To recall the relevant part:
“... today, too many people in positions of power behave as though they have more in common with international elites than with the people down the road, the people they employ, the people they pass in the street. But if you believe you’re a citizen of the world, you’re a citizen of nowhere. You don’t understand what the very word ‘citizenship’ means.”
The Conservatives were quick to point out this charge wasn’t against people who felt international, but merely against those “international elites”. But “international elites” was also an anti-semitic trope.
Anti-Semitic caricature of the rootless cosmopolitan Jew,
Soviet anti-Semites in the 1940s and 1950s used the term “rootless cosmopolitan” to refer to Jewish intellectuals, who were regarded as not being committed enough to the Soviet Union. The caricature of the cosmopolitan Jew was someone who was very rich, and who was at home everywhere and nowhere, as this 1949 picture shows.

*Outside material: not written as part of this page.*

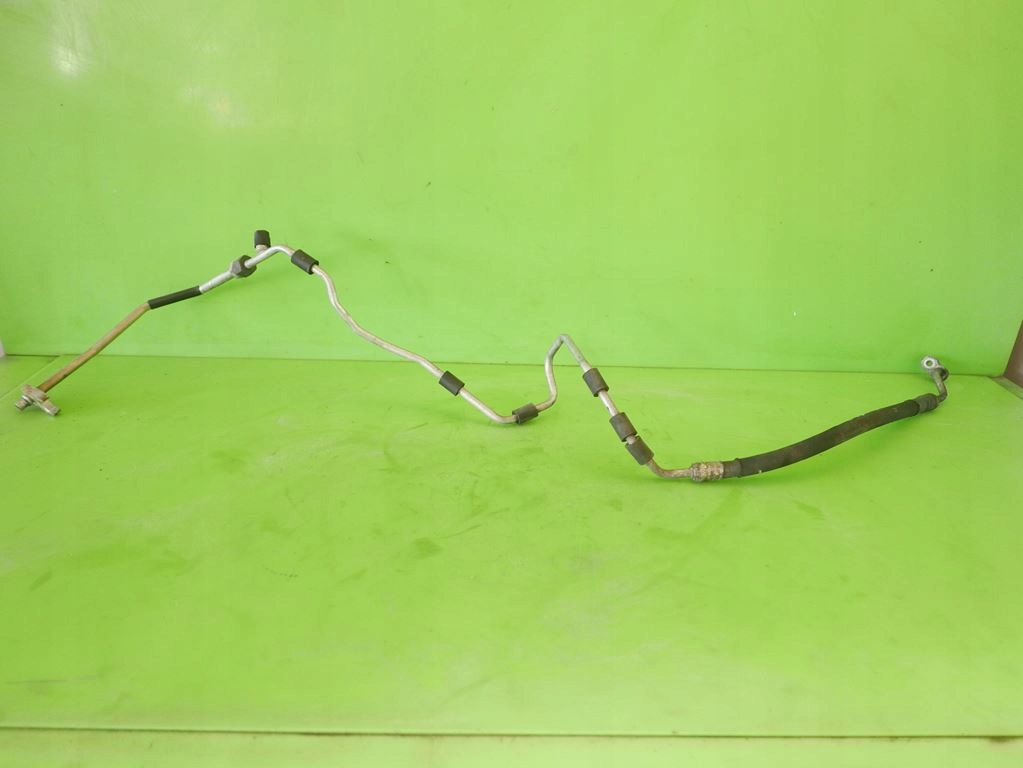 фото №6, Трубка шланг кондиціонера audi a4 b6 3.0 v6 asn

We can go even further back, into the Weimar Republic, where Hitler and others used charges of cosmopolitanism against Jews, pitting them against the native-born population, described by Hitler in his 1933 campaign speech to Siemens factory workers as:
“people [who] are bounded to their soil, bounded to its fatherland, bounded to the possibilities of life that the state... offers.”

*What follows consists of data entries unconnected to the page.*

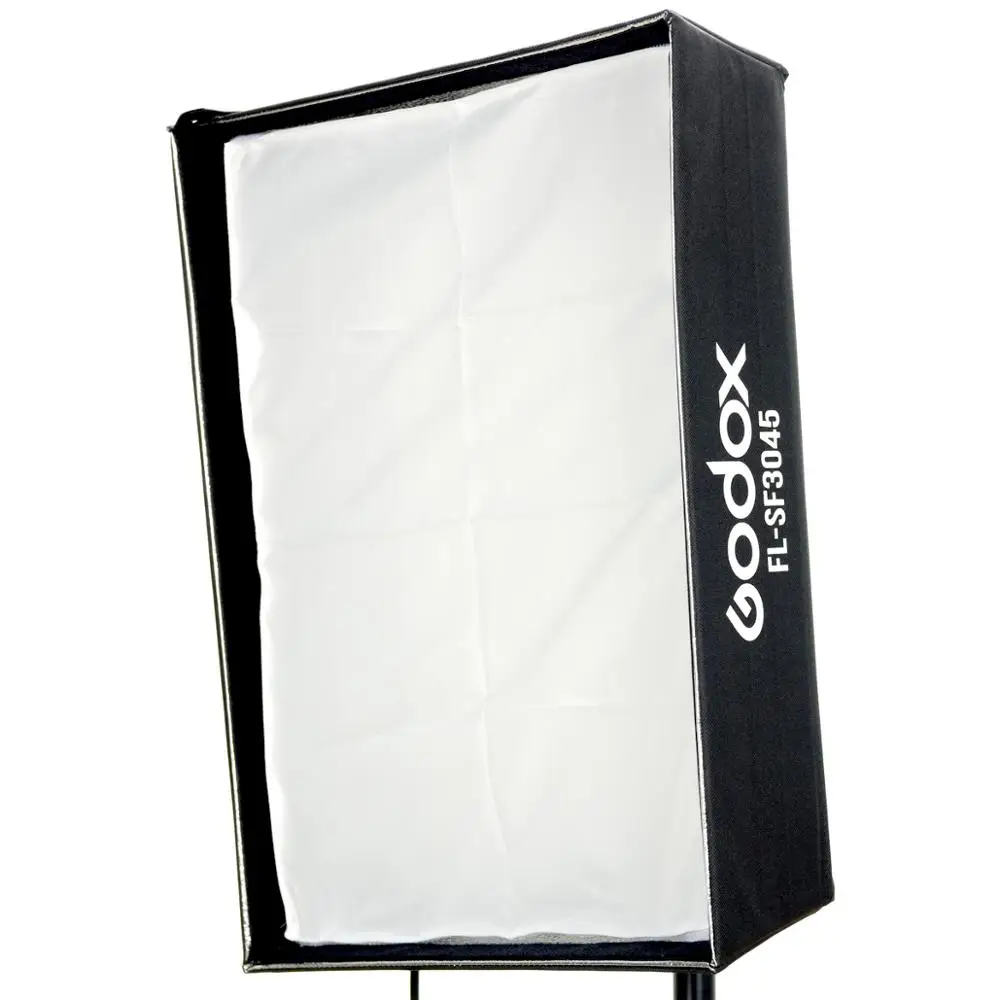 Godox FL100 100W Flexible LED Video Light Rollable Cloth Lamp with Honeycomb Grid Softbox + Controller + Remote Control and APP, Other
Godox FL100 100W Flexible LED Video Light Rollable Cloth Lamp with Honeycomb Grid Softbox + Controller + Remote Control and APP, Other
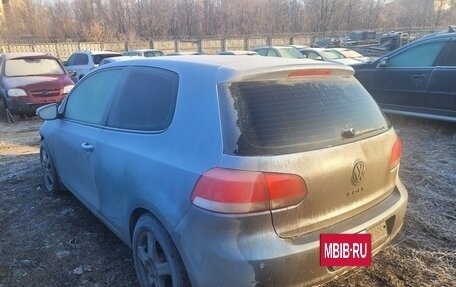 Volkswagen Golf VI, 2010 год, 444 950 рублей, 3 фотография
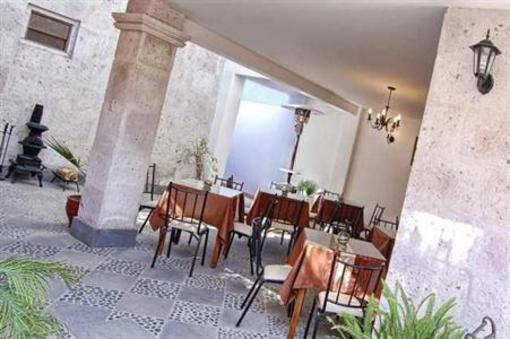 фото отеля El Patio de Elisa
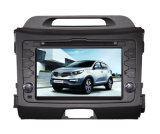 8 Inch Car DVD Player for 2010 KIA Sportage 2011 (TS8529)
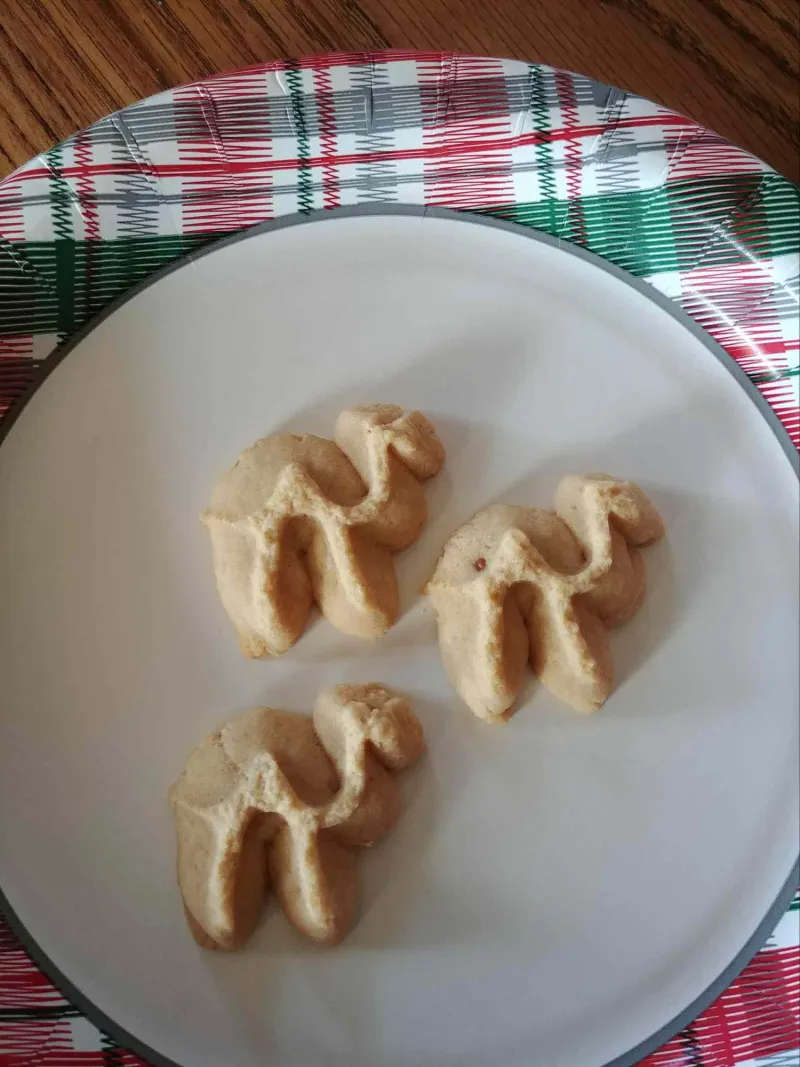 Snack recipes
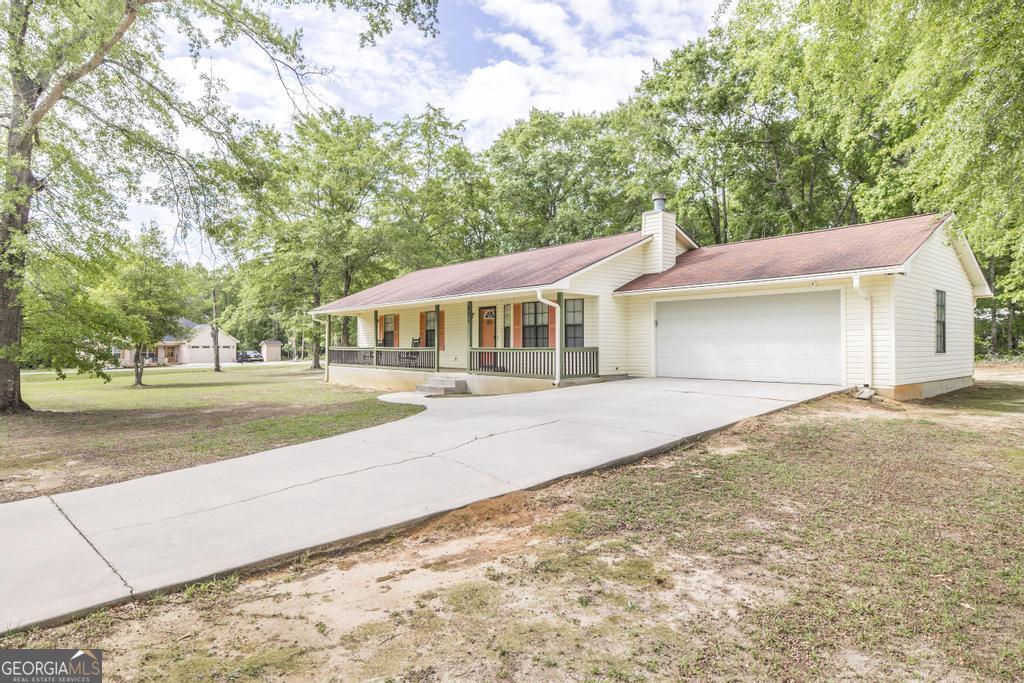 904 Robinhood Road Dublin GA 31021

By contrast, Hitler described Jews as:
“... a small, rootless, international clique that is turning the people against each other, that does not want them to have peace. It is the people who are at home both nowhere and everywhere, who do not have anywhere a soil on which they have grown up, but who live in Berlin today, in Brussels tomorrow, Paris the day after that, and then again in Prague or Vienna or London, and who feel at home everywhere.”

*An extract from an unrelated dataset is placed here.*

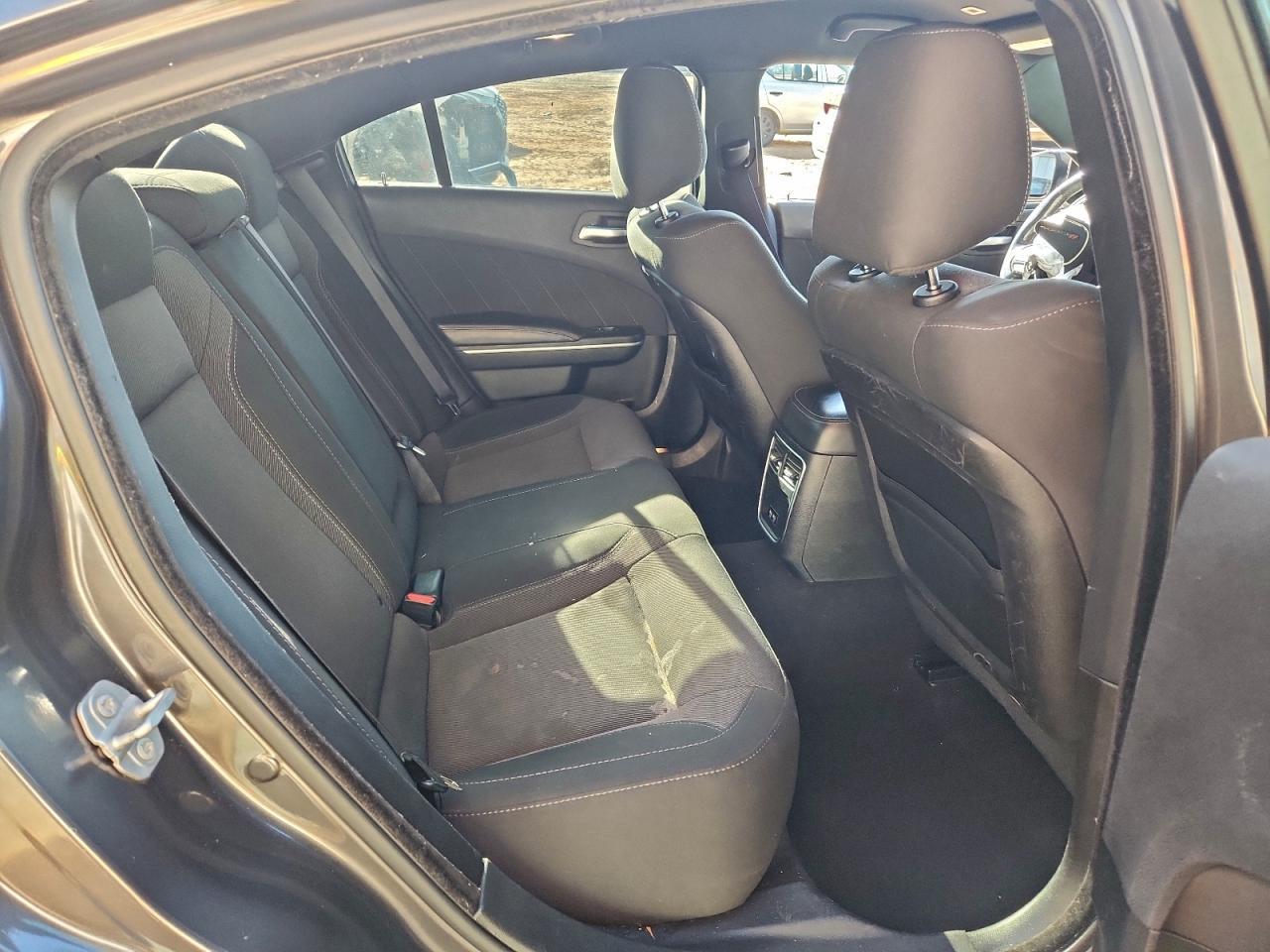 2019 DODGE CHARGER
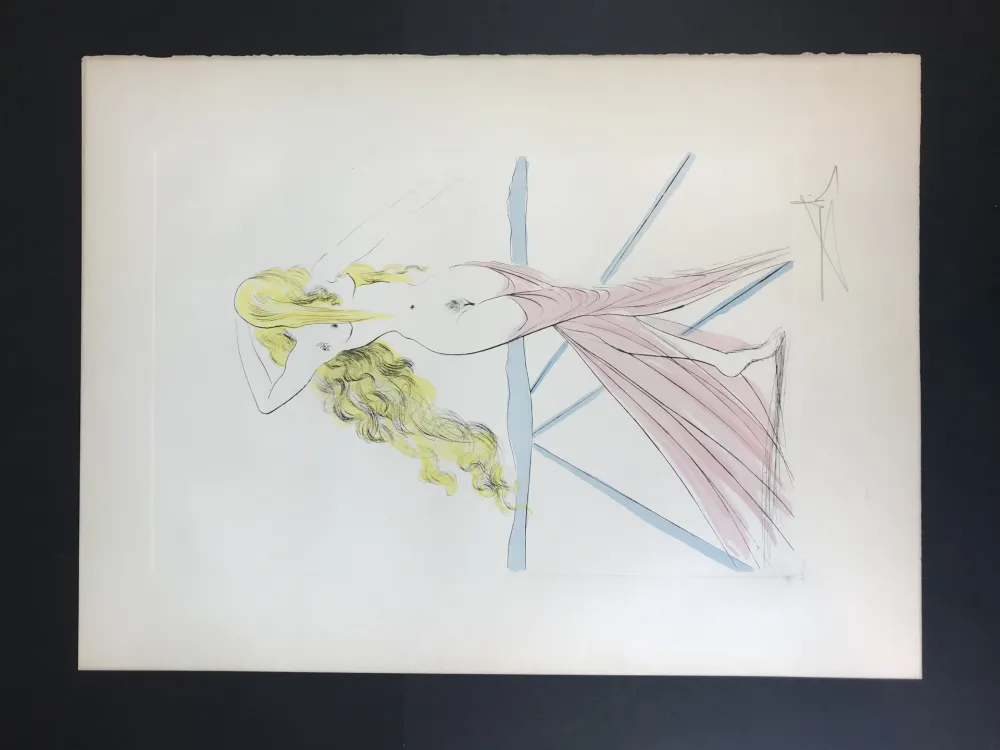 Múltiple Dali - Venus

This sort of speech is now, alarmingly, becoming part of ordinary discourse.
Take, for instance, David Goodhart’s distinction between the “somewheres” and the “anywheres”. The anywheres (aka international elite, aka citizens of nowhere) are well-educated cosmopolitan individuals, which, in Goodhart’s view, have unfairly dominated discourse because of their education. “Such people have portable ‘achieved’ identities, based on educational and career success.”
On the other hand, there are the somewheres, who are “more rooted in geographical identity — the Scottish farmer, working-class Geordie, Cornish housewife — who find the rapid changes of the modern world unsettling.” So unsettling they voted for Brexit.
This discourse is not restricted to the political right. For instance, recently Gordon Brown said that the UK needs to take a tougher stance on migration, because that would address “concerns about stagnant wages, left-behind communities, migration pressures, sovereignty and the state of the NHS”, which led to the Brexit vote.
In different words: “Don’t worry, white authentic native people who feel left behind! We’ve got your back! We will deport those immigrants if they can’t find jobs asap, we’ll take a tough stance so they won’t steal your jobs!”
Some people see Brexit as a welcome swing back from a state that overly advantaged cosmopolitan, well educated people, while neglecting people who were less mobile, less educated. But I am skeptical. For one thing, it is quite frankly alarming to see anti-Semitic tropes creep into mainstream speech, especially given the recent rise of anti-Semitism in the UK.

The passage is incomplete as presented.